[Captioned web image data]
[Start of Attachment]
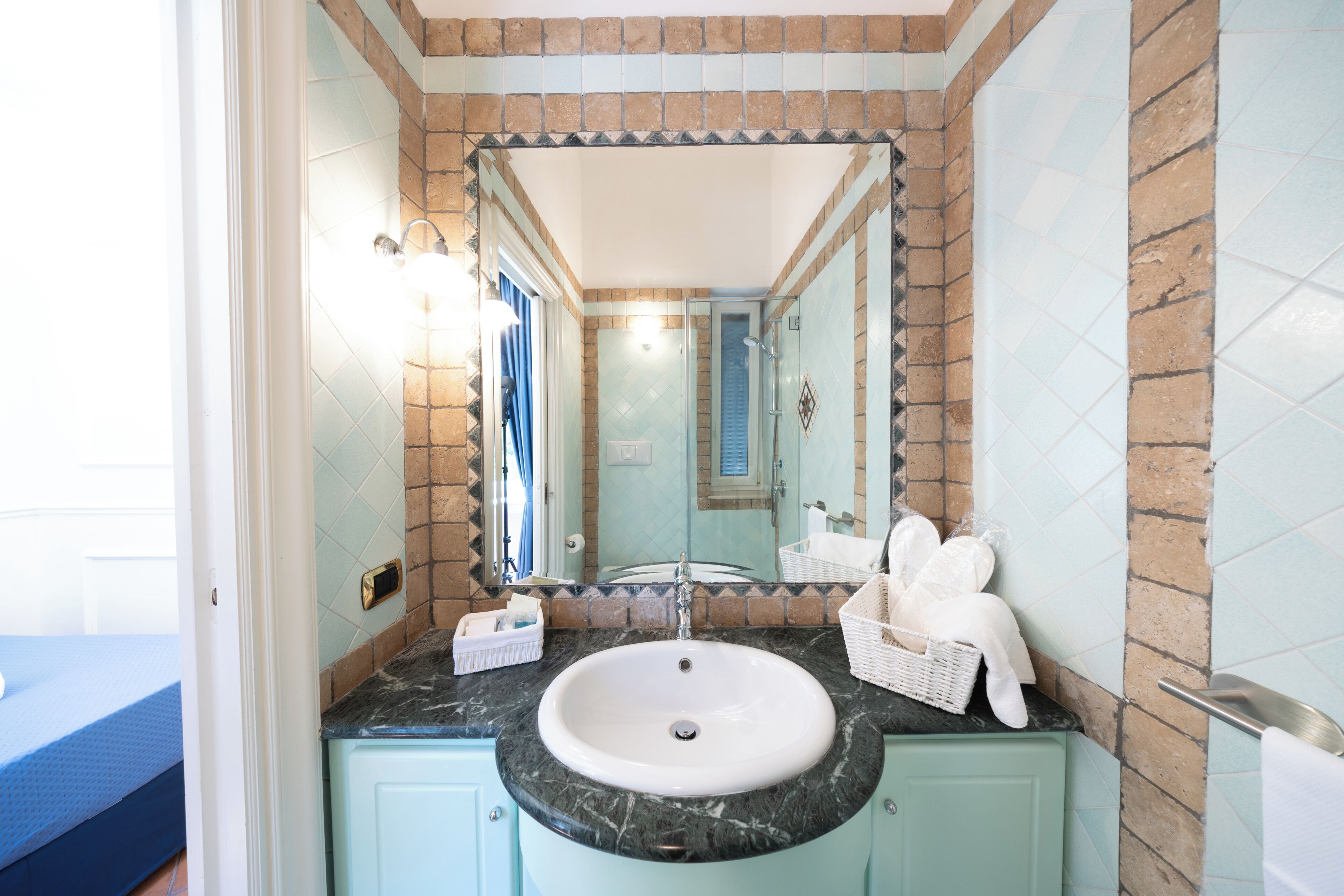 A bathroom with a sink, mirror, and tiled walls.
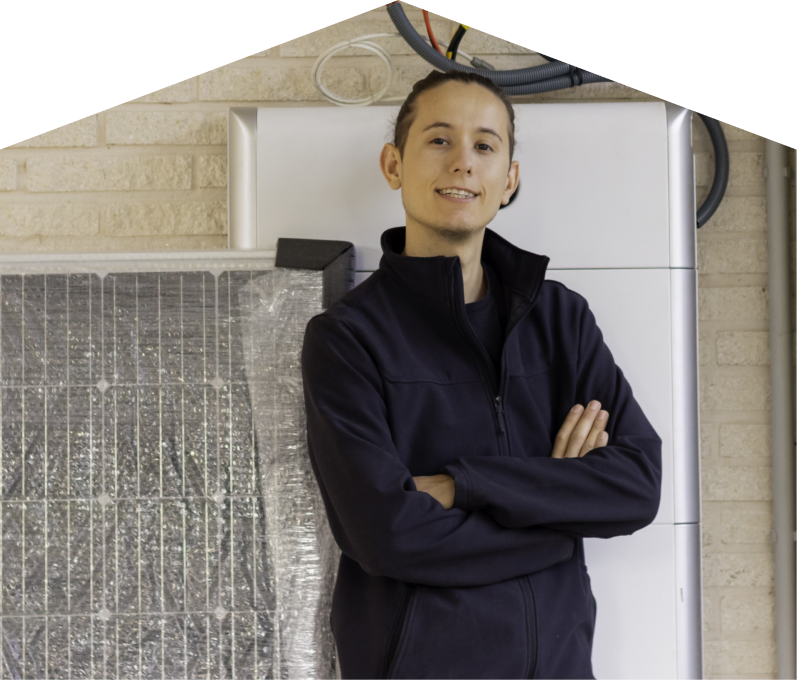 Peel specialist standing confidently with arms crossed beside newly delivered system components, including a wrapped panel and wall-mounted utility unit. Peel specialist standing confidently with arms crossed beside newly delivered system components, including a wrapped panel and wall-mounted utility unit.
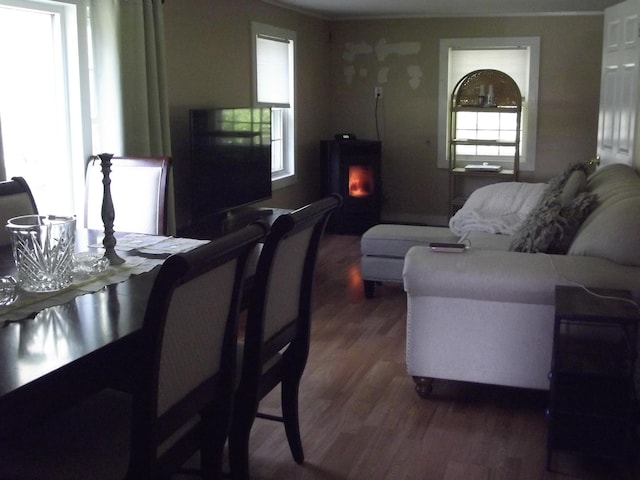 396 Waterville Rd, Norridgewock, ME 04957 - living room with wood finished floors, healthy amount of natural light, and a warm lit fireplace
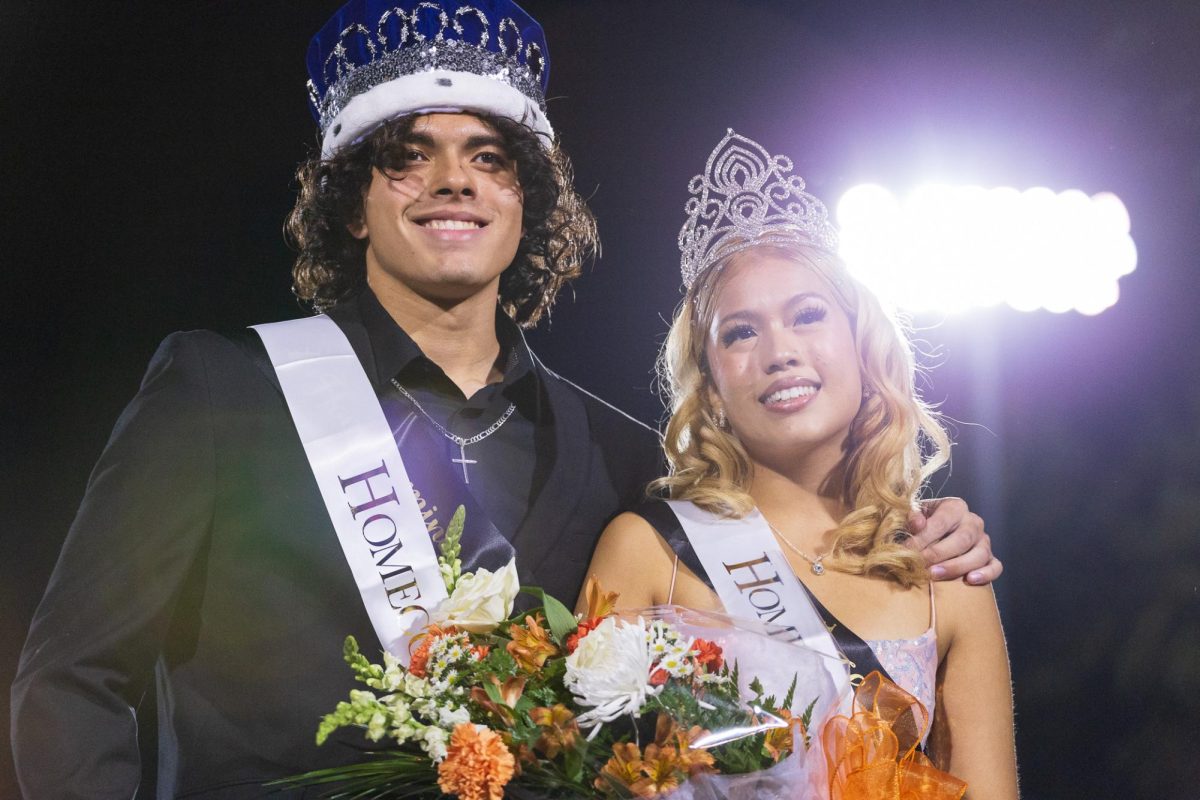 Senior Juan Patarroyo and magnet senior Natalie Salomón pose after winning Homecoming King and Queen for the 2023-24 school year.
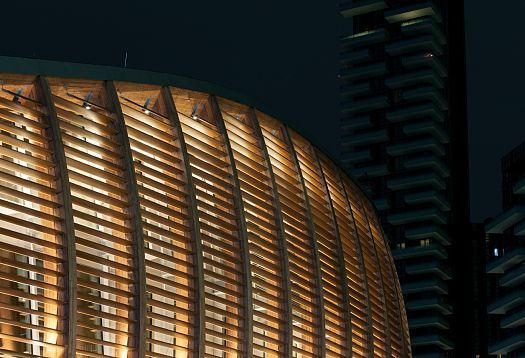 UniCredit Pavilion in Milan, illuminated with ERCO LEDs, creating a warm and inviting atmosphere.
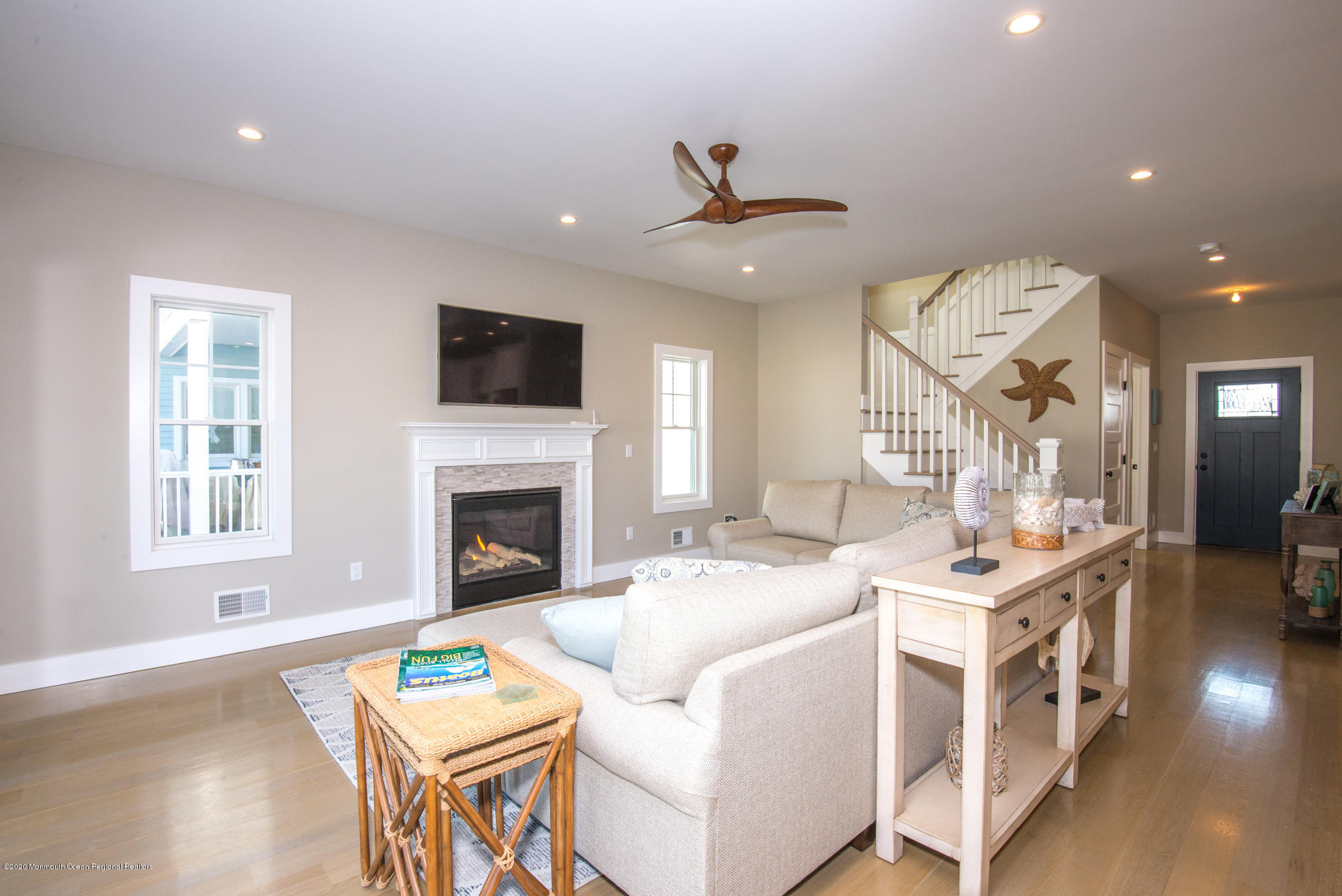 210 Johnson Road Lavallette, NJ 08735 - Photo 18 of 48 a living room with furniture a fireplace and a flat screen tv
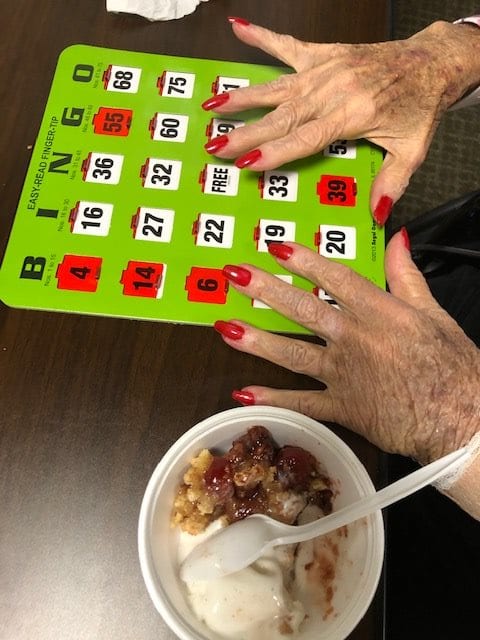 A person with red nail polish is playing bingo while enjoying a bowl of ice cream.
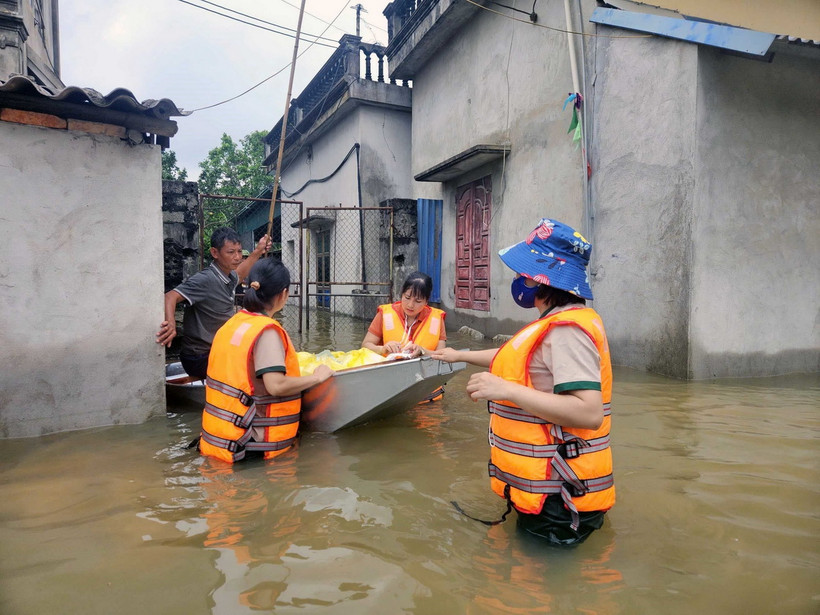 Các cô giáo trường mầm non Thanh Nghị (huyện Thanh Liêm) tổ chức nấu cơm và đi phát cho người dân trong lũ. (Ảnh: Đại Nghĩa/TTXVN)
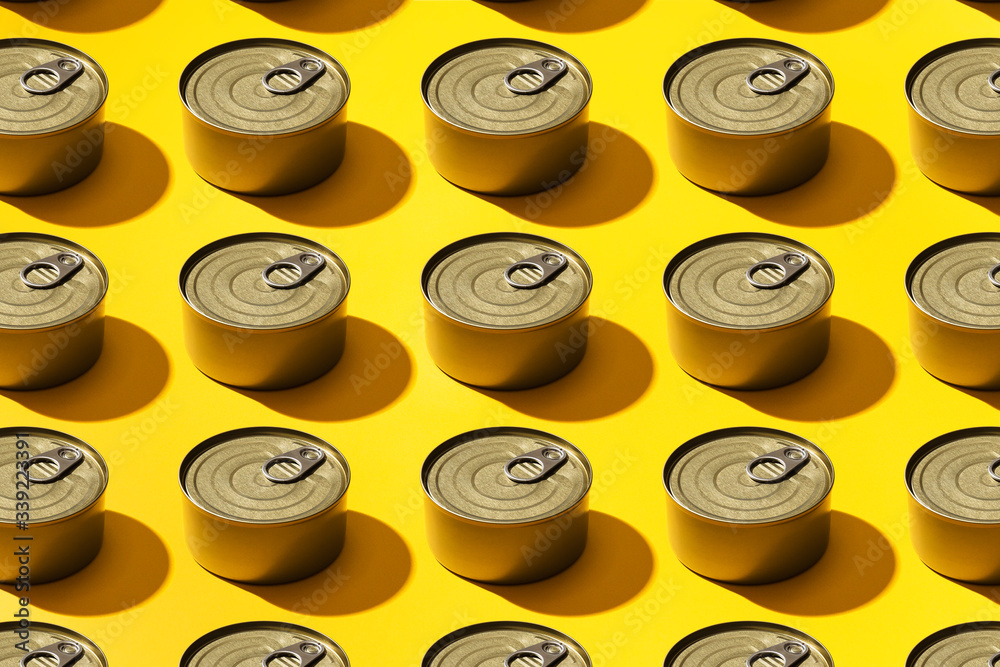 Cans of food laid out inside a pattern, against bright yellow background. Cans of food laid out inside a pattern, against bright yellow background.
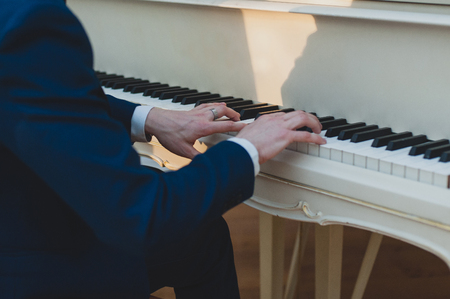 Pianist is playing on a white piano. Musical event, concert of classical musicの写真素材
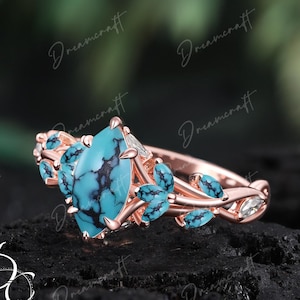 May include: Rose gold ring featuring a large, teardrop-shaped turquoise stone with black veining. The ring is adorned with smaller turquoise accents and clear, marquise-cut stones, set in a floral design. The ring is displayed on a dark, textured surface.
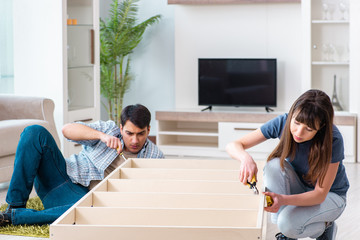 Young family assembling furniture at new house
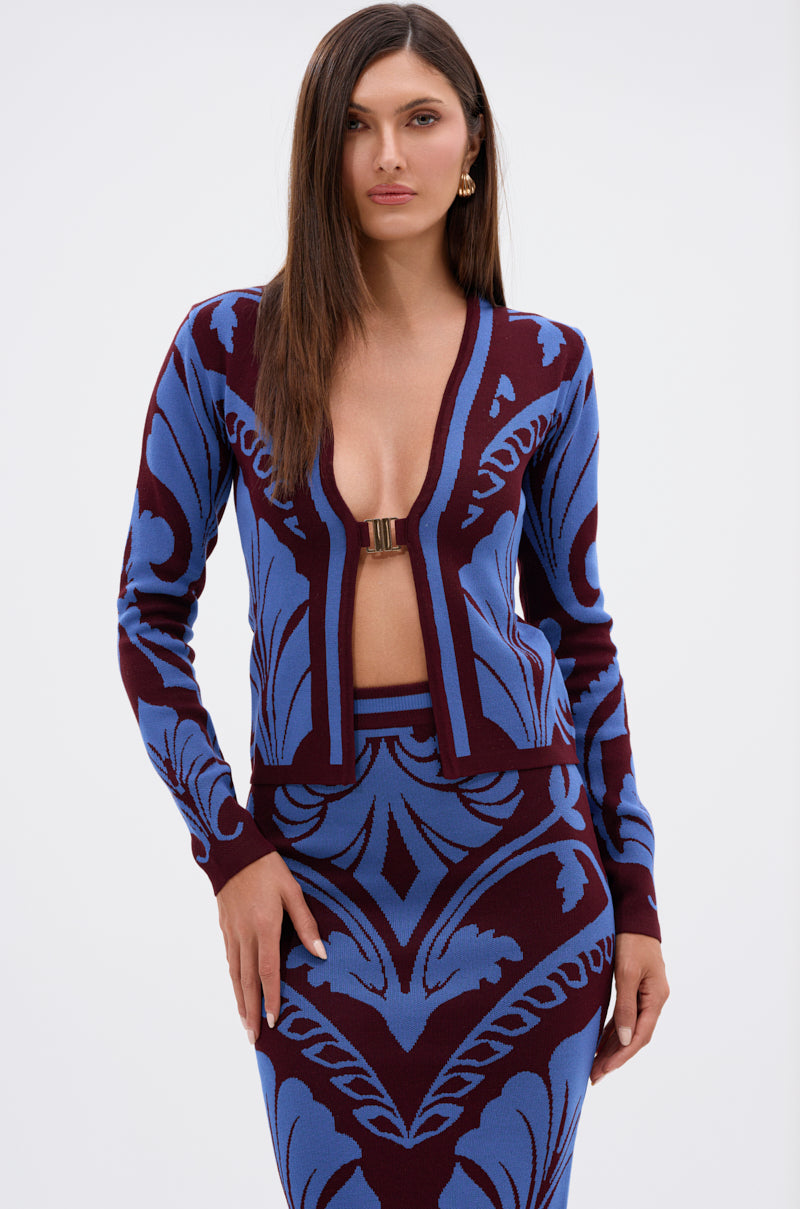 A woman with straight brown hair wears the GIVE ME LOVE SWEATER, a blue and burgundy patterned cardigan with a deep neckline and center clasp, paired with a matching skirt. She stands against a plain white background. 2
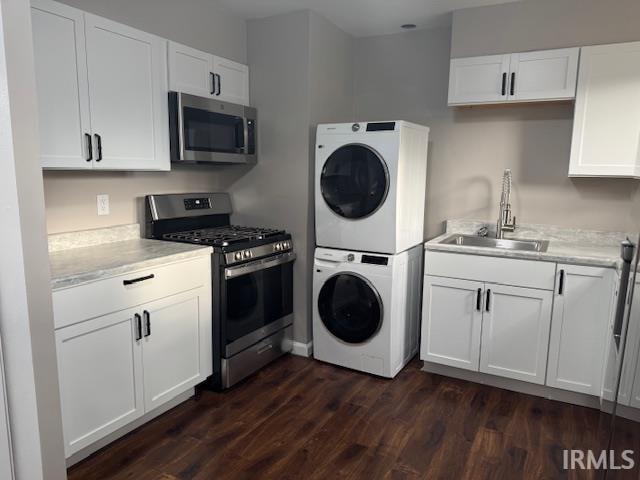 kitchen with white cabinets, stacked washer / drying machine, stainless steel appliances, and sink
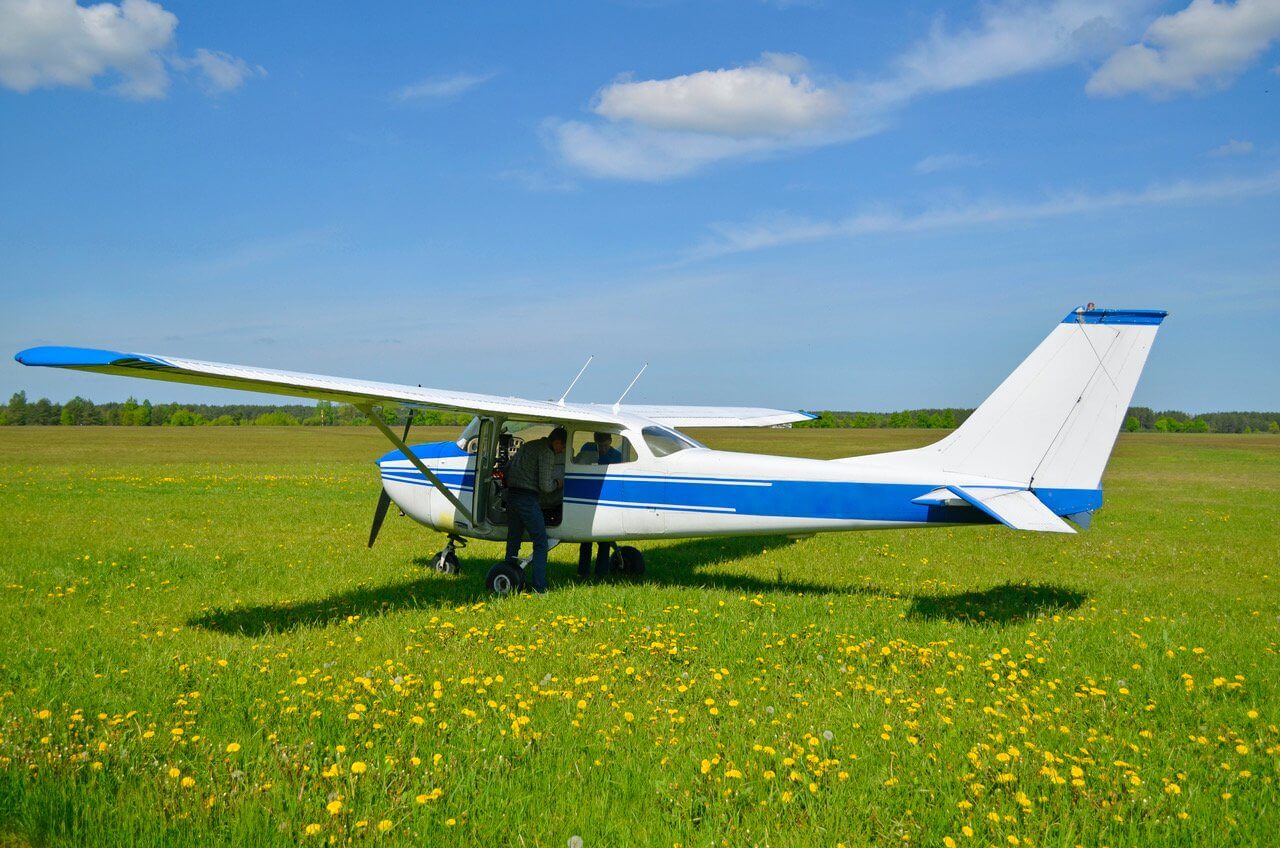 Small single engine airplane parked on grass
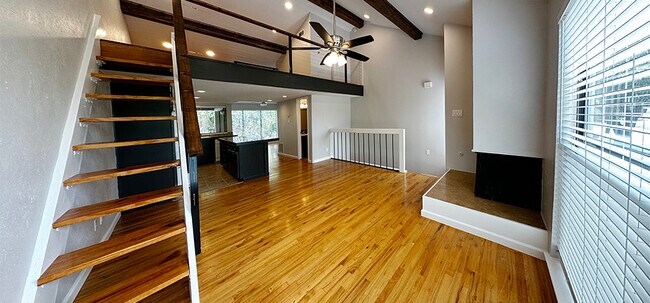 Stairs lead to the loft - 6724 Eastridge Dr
[End of Attachment]
Work task: With images omitted, retype the data word for word.

Answer to the problem:
 A bathroom with a sink, mirror, and tiled walls.
 Peel specialist standing confidently with arms crossed beside newly delivered system components, including a wrapped panel and wall-mounted utility unit. Peel specialist standing confidently with arms crossed beside newly delivered system components, including a wrapped panel and wall-mounted utility unit.
 396 Waterville Rd, Norridgewock, ME 04957 - living room with wood finished floors, healthy amount of natural light, and a warm lit fireplace
 Senior Juan Patarroyo and magnet senior Natalie Salomón pose after winning Homecoming King and Queen for the 2023-24 school year.
 UniCredit Pavilion in Milan, illuminated with ERCO LEDs, creating a warm and inviting atmosphere.
 210 Johnson Road Lavallette, NJ 08735 - Photo 18 of 48 a living room with furniture a fireplace and a flat screen tv
 A person with red nail polish is playing bingo while enjoying a bowl of ice cream.
 Các cô giáo trường mầm non Thanh Nghị (huyện Thanh Liêm) tổ chức nấu cơm và đi phát cho người dân trong lũ. (Ảnh: Đại Nghĩa/TTXVN)
 Cans of food laid out inside a pattern, against bright yellow background. Cans of food laid out inside a pattern, against bright yellow background.
 Pianist is playing on a white piano. Musical event, concert of classical musicの写真素材
 May include: Rose gold ring featuring a large, teardrop-shaped turquoise stone with black veining. The ring is adorned with smaller turquoise accents and clear, marquise-cut stones, set in a floral design. The ring is displayed on a dark, textured surface.
 Young family assembling furniture at new house
 A woman with straight brown hair wears the GIVE ME LOVE SWEATER, a blue and burgundy patterned cardigan with a deep neckline and center clasp, paired with a matching skirt. She stands against a plain white background. 2
 kitchen with white cabinets, stacked washer / drying machine, stainless steel appliances, and sink
 Small single engine airplane parked on grass
 Stairs lead to the loft - 6724 Eastridge Dr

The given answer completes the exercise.